Last week we tackled the first step of addressing the challenges of unstructured text.
There are three areas that need to be explored further.
1.An understanding of Artificial Intelligence (AI).
2. An understanding of Machine Learning (ML)
3. An understanding of taxonomy in relation to data analysis.
As discussed previously, the very first step in attaining wisdom from your data is in the understanding that you have to analyse words (qualitative data) rather than numbers (quantitative data). In order to do this, you need to have the AI and NLP (Natural Language Processing) capability. In other words, you need to have a text analytics tool.
Once you have the right technical capability, we come to our first problem. The machine does not understand the meaning of words and phrases in various contexts. For instance, it is unable to determine the context of the word ‘cross’. It does not know the difference between ‘I am cross’ and ‘I will cross the road’. The word ‘cross’ can be used in more than six contexts at any given time. It is the human that has to teach/train the machine these contexts. An age-old problem since AI & NLP was created.
While AI already has a formidable reputation as an amazing capability when used on quantitative data (the numbers), few people realise that its capability with unstructured text is known to be poor. The real issue is that if you are using purely AI and NLP, you then have to have a lot of gold-standard training data in order to train the machine without bias. But obtaining such a high volume of gold-standard training data is next to impossible.
The Real Challenge
Kai- FU- Lee, Chinas top expert in AI, states that ‘AI cannot deal with unknown and unstructured spaces, especially ones that it hasn’t observed.’ Googles AI blog, posted by Jacob Devlin and Ming-Wei Chang, further argues that one of the biggest challenges in natural language processing (NLP) is the shortage of training data. Because NLP is a diversified field with many distinct tasks, most task-specific datasets contain only a few thousand, or even a few hundred thousand human-labelled training examples.
Many organisations suffer with this issue. Take Facebook, for instance. This vast organisation includes 7500 people who manually read and categorise comments in order to train the machine. Last July (2018), they decided to employee an additional 5000 employees to assist with training the machine and to classify comments on Facebook.

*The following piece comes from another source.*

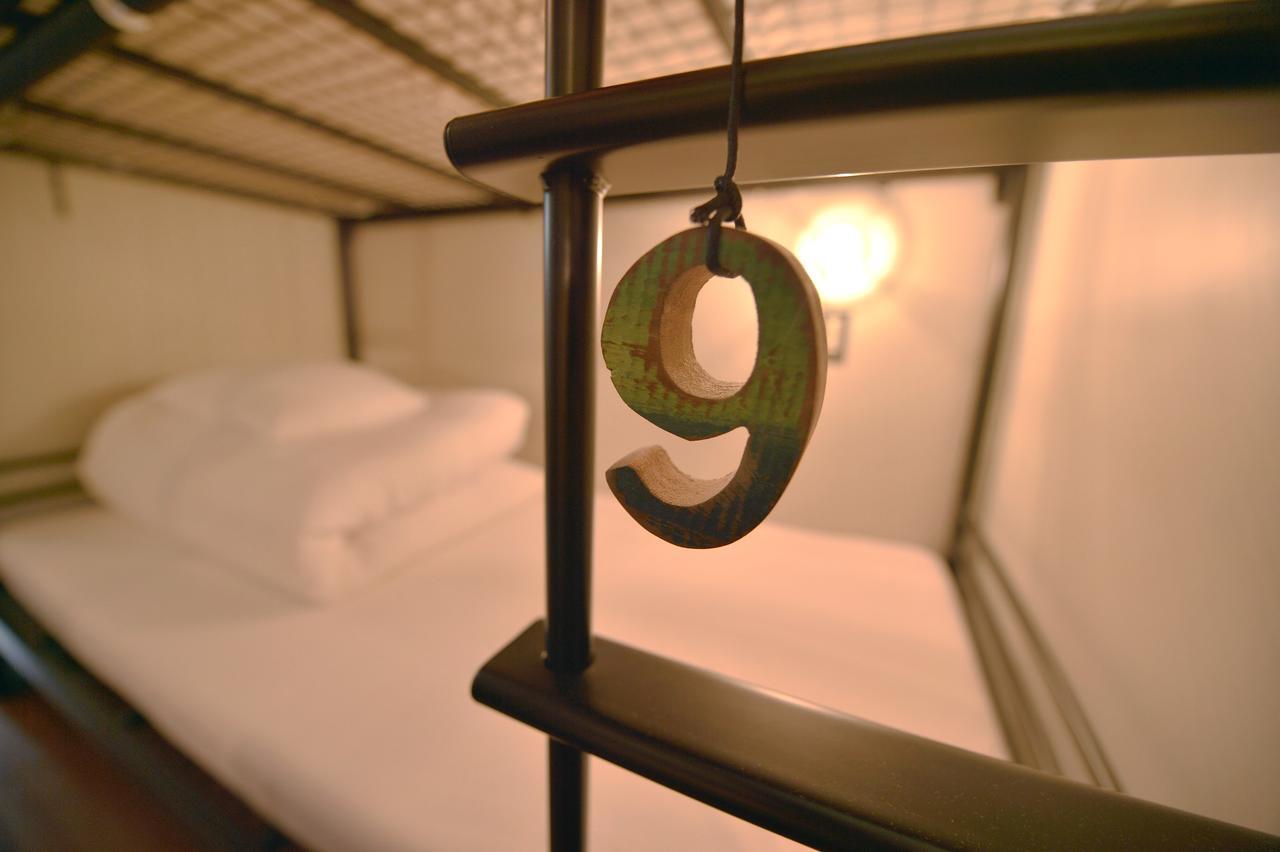 Chillulu Hostel Yokohama  Exteriör bild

Fortune magazine have stated that Alphabet’s YouTube division is also ramping up its humanoid workforce to, with plans to hire more than 10,000 people this year.
Since July, Google have come up with a training programme named BERT (Bidirectional Encoder Representations from Transformers). BERT is an algorithm, which helps understand context by pre-training. Pre-training, however, does not solve the problem. It merely tries to reduce the amount of training needed in order to understand how words work in different contexts.
But no matter the speed you are able to pre-train, you still have to teach the machine different contexts in the first place. There is no way for the machine to know that you might be cross while you cross the street to eat a hot-cross bun. It is easy to understand why a machine may get confused easily and provide inaccurate data. The correct information has to be taught, and that teaching is extremely complex.
This brings us to the very critical question of who trains the training data in the first place? If you are a provider you need to do your due diligence on how the machine is trained. As well as how the people you employee to collect and analyse your data use this technology.